(THE PROBLEM):
In the data below, find the line containing "Módulo 1 – Comando e Proteção" and the line containing "Featured image of", then reproduce them and every line between, exactly. Omit pictures.

RECORDS TO PROCESS: Begin

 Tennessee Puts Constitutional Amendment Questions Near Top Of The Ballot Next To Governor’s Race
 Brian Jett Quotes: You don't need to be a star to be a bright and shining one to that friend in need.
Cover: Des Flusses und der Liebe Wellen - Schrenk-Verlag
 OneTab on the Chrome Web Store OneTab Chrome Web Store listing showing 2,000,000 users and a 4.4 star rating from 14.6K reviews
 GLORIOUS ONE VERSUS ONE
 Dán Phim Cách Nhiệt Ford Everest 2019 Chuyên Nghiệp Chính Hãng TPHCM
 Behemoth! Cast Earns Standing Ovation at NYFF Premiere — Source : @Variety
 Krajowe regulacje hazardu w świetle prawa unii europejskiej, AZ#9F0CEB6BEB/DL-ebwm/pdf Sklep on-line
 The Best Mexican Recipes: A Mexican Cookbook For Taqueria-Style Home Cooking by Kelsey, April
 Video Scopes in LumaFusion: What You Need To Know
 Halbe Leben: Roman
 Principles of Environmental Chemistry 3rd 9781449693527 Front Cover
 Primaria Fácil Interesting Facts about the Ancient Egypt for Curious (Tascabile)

RECORDS TO PROCESS: End
RECORDS TO PROCESS: Begin

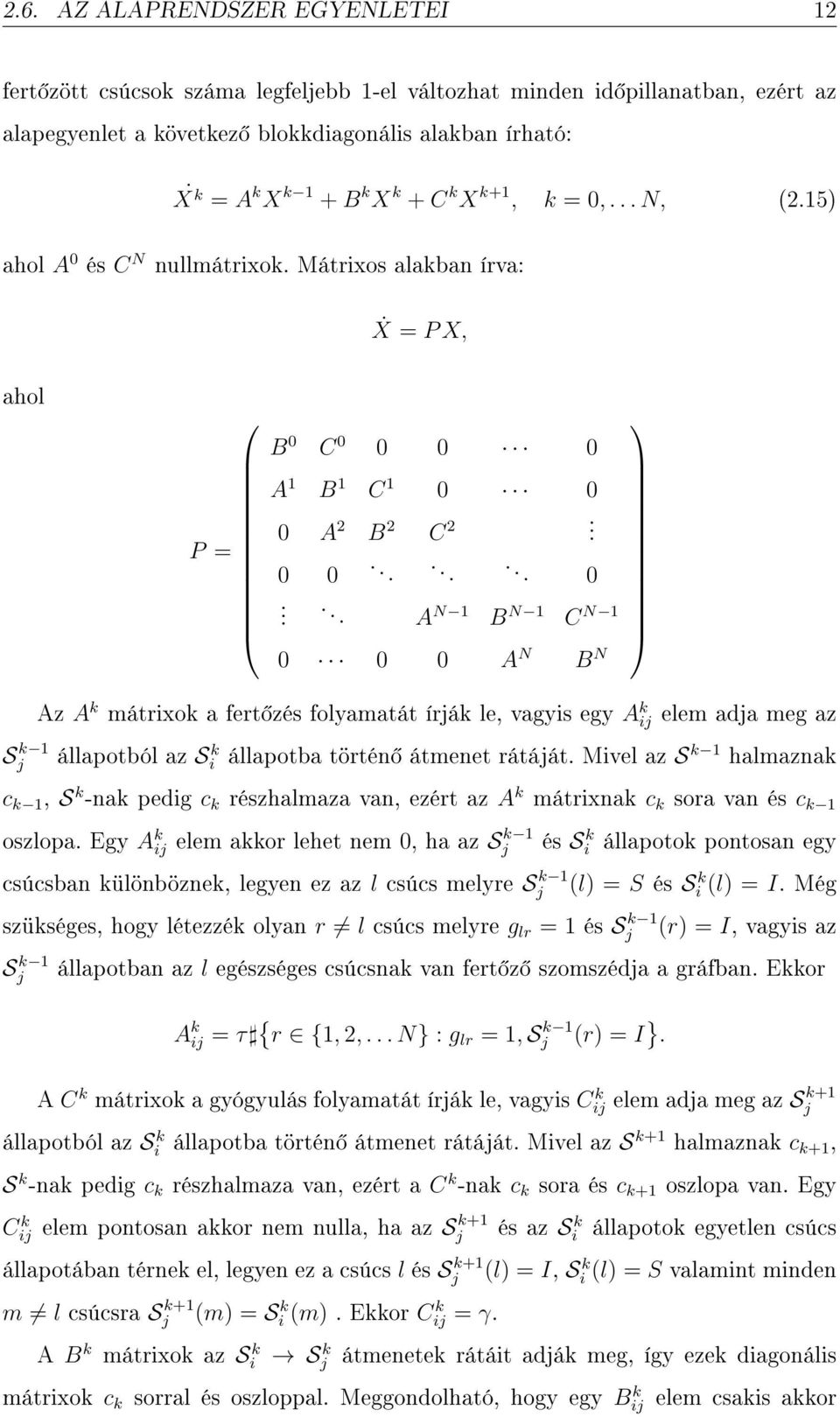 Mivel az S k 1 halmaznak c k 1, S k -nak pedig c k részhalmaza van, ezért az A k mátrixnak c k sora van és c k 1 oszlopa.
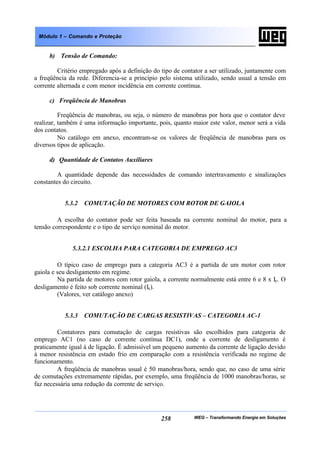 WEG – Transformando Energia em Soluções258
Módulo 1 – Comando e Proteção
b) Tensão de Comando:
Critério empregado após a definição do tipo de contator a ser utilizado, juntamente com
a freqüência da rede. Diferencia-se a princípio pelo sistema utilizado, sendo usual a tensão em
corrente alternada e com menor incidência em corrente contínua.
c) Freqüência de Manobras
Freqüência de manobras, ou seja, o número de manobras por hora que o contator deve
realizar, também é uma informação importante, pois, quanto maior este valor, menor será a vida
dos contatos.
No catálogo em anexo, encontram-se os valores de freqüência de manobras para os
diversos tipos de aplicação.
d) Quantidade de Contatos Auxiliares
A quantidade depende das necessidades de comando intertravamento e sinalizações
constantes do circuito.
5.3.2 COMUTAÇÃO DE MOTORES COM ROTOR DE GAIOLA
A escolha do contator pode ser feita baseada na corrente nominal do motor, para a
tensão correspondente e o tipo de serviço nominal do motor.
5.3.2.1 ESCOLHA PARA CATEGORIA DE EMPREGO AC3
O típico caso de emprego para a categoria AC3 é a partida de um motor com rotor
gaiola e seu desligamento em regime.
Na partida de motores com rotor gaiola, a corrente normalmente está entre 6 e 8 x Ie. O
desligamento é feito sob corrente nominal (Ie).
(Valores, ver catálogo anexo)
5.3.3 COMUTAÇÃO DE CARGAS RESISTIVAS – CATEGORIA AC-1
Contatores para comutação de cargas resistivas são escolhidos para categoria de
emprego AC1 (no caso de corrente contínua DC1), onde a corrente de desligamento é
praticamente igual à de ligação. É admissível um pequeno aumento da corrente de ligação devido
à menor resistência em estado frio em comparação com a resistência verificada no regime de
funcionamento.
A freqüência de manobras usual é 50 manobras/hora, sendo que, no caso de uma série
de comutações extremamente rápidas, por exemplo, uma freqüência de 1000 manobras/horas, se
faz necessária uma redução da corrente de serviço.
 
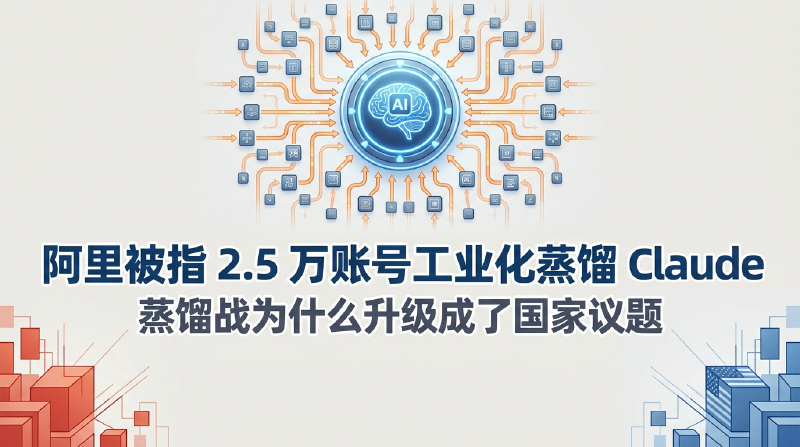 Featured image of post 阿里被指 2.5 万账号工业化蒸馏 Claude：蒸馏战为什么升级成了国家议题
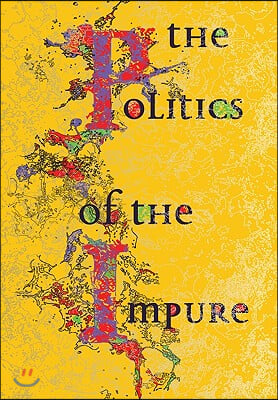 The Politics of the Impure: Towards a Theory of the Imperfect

RECORDS TO PROCESS: End

(EXERCISE RESPONSE):
Módulo 1 – Comando e Proteção
b) Tensão de Comando:
Critério empregado após a definição do tipo de contator a ser utilizado, juntamente com
a freqüência da rede. Diferencia-se a princípio pelo sistema utilizado, sendo usual a tensão em
corrente alternada e com menor incidência em corrente contínua.
c) Freqüência de Manobras
Freqüência de manobras, ou seja, o número de manobras por hora que o contator deve
realizar, também é uma informação importante, pois, quanto maior este valor, menor será a vida
dos contatos.
No catálogo em anexo, encontram-se os valores de freqüência de manobras para os
diversos tipos de aplicação.
d) Quantidade de Contatos Auxiliares
A quantidade depende das necessidades de comando intertravamento e sinalizações
constantes do circuito.
5.3.2 COMUTAÇÃO DE MOTORES COM ROTOR DE GAIOLA
A escolha do contator pode ser feita baseada na corrente nominal do motor, para a
tensão correspondente e o tipo de serviço nominal do motor.
5.3.2.1 ESCOLHA PARA CATEGORIA DE EMPREGO AC3
O típico caso de emprego para a categoria AC3 é a partida de um motor com rotor
gaiola e seu desligamento em regime.
Na partida de motores com rotor gaiola, a corrente normalmente está entre 6 e 8 x Ie. O
desligamento é feito sob corrente nominal (Ie).
(Valores, ver catálogo anexo)
5.3.3 COMUTAÇÃO DE CARGAS RESISTIVAS – CATEGORIA AC-1
Contatores para comutação de cargas resistivas são escolhidos para categoria de
emprego AC1 (no caso de corrente contínua DC1), onde a corrente de desligamento é
praticamente igual à de ligação. É admissível um pequeno aumento da corrente de ligação devido
à menor resistência em estado frio em comparação com a resistência verificada no regime de
funcionamento.
A freqüência de manobras usual é 50 manobras/hora, sendo que, no caso de uma série
de comutações extremamente rápidas, por exemplo, uma freqüência de 1000 manobras/horas, se
faz necessária uma redução da corrente de serviço.
 
 Featured image of post 阿里被指 2.5 万账号工业化蒸馏 Claude：蒸馏战为什么升级成了国家议题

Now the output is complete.